I can appreciate a good effort around the holidays so I find myself well situated in the home of Peg Spera, Queen of Christmas. There's so many delicious varieties of cookies, a carton of Food Lion eggnog in the 'fridge; Mr. Spera likes to indulge in a little caffeinated coffee when I'm around. At this point, the Spera Christmas is my own past. I can feel at home here, watching bowl games in my "soft pants" as L. calls them, digging Peg's decorations, the luxury of having a dryer.
Running through the woods one morning just after sunrise I see a bank of winter trees, stripped bare save for clusters of leaves still clinging past the Fall. They are the color of parchment and flutter in the passing breezes. The spreading dawn bleeds pearl pink onto the blue sheet of sky, producing an electric contrast with the parchment color of these last dead leaves. They explode into frantic motion, like startled birds.
We saw everybody; L.'s brothers and their families, a few of the Spera's friends, Aunt Jean and family, the Richmond crew, Colette, Jeff and Deb in Crozet. As for C'Ville, we only got as close as 5th Street extended where we were spooked out of a Taco Bell by a pair of wasted and somehow dangerous seeming rednecks who rolled in just after us. It occurred to L. that, here in America, people do actually get gunned down in public places from time to time, something almost inconceivable in dear old Verona.
It was a good holiday for football. I saw some good games. Saw Brett Favre, #4, three-time MVP and Super Bowl champion lead the Minnesota Vikings. For those of you who know, you'll know what an offense to nature this represents. Saw a lot of college football where our blustery, hungry American nature is so well displayed in the production, those giant truck commercials still, all that simple and self-encouraging patriotism.

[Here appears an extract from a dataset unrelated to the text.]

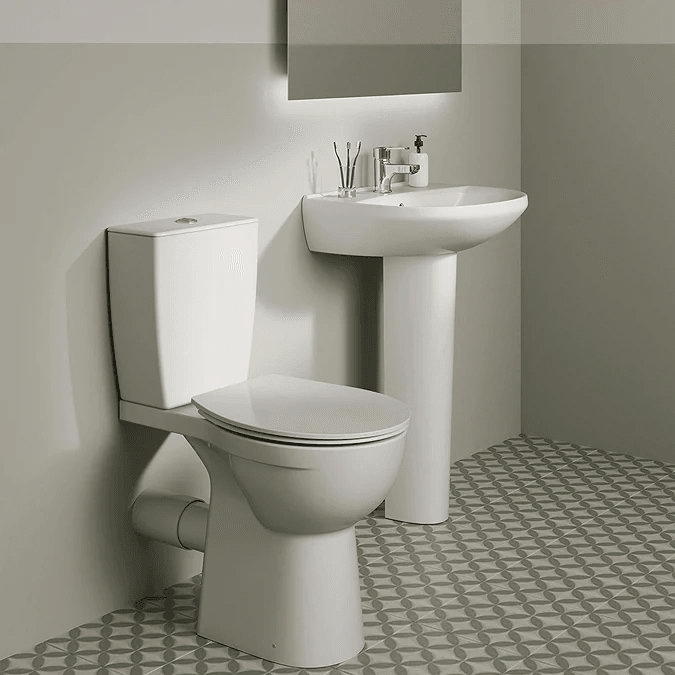 Compact toilet and pedestal basin on green and white tiles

We go to a big salad bar restaurant for my sister-in-law Miranda's birthday. Man, you eat badly on Broad Street! The dressings taste of rancid oil, the tomatoes make me think about petroleum as they were clearly brought in from a long way away, there isn't even any rucola. We have become spoiled by Italian produce and Italian ways of eating. Why would I pour some hideous, creamy sauce over my salad when there's golden oil from the groves of Puglia? And all these fat people – every fifth person you see walking about in the endless parking lots is just morbidly, impossible overweight! I mean, I've had a few pounds on me in the past but the profile you see these days in the States goes way farther.
Oy, I shouldn't be so critical but I can't help it! I love my country, I love Virginia; just that I'd rather stay in Europe. Does that make me an elitist of some kind? I like to be from outside the tribe, I like to have to fit in. I don't feel superior, or at least I constantly remind myself that I shouldn't and try to behave accordingly. In America, I really begin to miss the funkiness and loveliness of Europe pretty quickly, after a few days or so. But I love hanging out at the Speras. I love the woods.